| WHAT IS BEING ASKED |
Find all lines below containing the string "Casa" and return them.

:: DATASET ENTRIES ::

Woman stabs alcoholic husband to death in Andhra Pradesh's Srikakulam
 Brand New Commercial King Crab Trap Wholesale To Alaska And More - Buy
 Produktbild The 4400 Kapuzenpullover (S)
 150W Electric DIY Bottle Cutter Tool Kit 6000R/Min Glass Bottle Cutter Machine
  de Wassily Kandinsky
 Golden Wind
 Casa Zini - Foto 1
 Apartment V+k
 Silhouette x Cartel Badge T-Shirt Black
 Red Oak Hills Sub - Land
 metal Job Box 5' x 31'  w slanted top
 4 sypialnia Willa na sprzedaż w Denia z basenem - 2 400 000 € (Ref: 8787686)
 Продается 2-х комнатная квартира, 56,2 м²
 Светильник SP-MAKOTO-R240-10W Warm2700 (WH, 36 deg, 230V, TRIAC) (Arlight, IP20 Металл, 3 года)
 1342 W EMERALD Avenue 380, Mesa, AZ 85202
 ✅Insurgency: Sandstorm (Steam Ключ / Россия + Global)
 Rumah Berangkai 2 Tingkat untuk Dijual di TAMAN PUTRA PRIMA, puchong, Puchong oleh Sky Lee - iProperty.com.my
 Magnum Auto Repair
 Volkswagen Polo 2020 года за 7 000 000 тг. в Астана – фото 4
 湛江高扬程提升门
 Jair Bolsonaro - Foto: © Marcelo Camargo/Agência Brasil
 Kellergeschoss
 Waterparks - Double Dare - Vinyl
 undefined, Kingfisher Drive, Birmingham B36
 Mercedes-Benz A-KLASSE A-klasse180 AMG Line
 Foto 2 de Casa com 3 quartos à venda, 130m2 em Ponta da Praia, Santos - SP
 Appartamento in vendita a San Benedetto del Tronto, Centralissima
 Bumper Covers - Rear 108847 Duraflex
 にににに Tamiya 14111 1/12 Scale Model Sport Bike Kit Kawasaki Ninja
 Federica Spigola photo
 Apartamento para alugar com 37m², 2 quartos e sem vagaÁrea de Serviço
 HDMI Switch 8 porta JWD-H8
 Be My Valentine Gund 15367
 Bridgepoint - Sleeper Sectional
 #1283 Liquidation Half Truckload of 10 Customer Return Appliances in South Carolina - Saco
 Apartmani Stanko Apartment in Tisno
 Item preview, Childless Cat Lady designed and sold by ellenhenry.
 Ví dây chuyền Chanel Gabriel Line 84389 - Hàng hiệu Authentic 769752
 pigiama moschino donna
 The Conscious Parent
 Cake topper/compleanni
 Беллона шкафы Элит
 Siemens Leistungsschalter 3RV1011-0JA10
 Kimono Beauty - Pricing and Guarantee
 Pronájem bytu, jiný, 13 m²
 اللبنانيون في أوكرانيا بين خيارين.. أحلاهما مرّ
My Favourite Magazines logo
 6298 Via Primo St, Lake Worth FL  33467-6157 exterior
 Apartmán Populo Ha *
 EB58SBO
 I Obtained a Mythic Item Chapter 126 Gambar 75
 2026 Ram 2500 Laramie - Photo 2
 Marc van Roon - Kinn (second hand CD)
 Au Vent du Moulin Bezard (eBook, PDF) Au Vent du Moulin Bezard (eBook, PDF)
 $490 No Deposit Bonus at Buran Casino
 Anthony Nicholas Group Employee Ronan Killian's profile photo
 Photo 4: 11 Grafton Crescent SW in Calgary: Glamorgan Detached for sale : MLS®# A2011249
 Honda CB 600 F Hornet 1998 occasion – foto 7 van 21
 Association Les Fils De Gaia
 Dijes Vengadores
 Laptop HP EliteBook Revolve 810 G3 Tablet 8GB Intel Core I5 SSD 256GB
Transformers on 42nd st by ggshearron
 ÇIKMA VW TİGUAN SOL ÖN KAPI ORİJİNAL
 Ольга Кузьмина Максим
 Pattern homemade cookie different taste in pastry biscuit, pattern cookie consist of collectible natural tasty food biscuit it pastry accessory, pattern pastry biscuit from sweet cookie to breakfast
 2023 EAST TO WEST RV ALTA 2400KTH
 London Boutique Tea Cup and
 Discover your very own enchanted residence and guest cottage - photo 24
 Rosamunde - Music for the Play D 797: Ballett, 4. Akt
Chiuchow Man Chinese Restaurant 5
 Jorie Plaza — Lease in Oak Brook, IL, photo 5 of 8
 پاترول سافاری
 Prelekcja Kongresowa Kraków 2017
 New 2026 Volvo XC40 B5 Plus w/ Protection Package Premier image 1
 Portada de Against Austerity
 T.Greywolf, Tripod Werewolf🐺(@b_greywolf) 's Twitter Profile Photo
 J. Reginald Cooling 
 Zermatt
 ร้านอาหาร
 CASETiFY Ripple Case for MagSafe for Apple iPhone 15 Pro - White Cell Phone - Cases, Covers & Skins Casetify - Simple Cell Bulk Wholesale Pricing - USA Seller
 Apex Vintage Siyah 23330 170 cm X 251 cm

:::

| YOUR RESPONSE |
 Casa Zini - Foto 1
 Foto 2 de Casa com 3 quartos à venda, 130m2 em Ponta da Praia, Santos - SP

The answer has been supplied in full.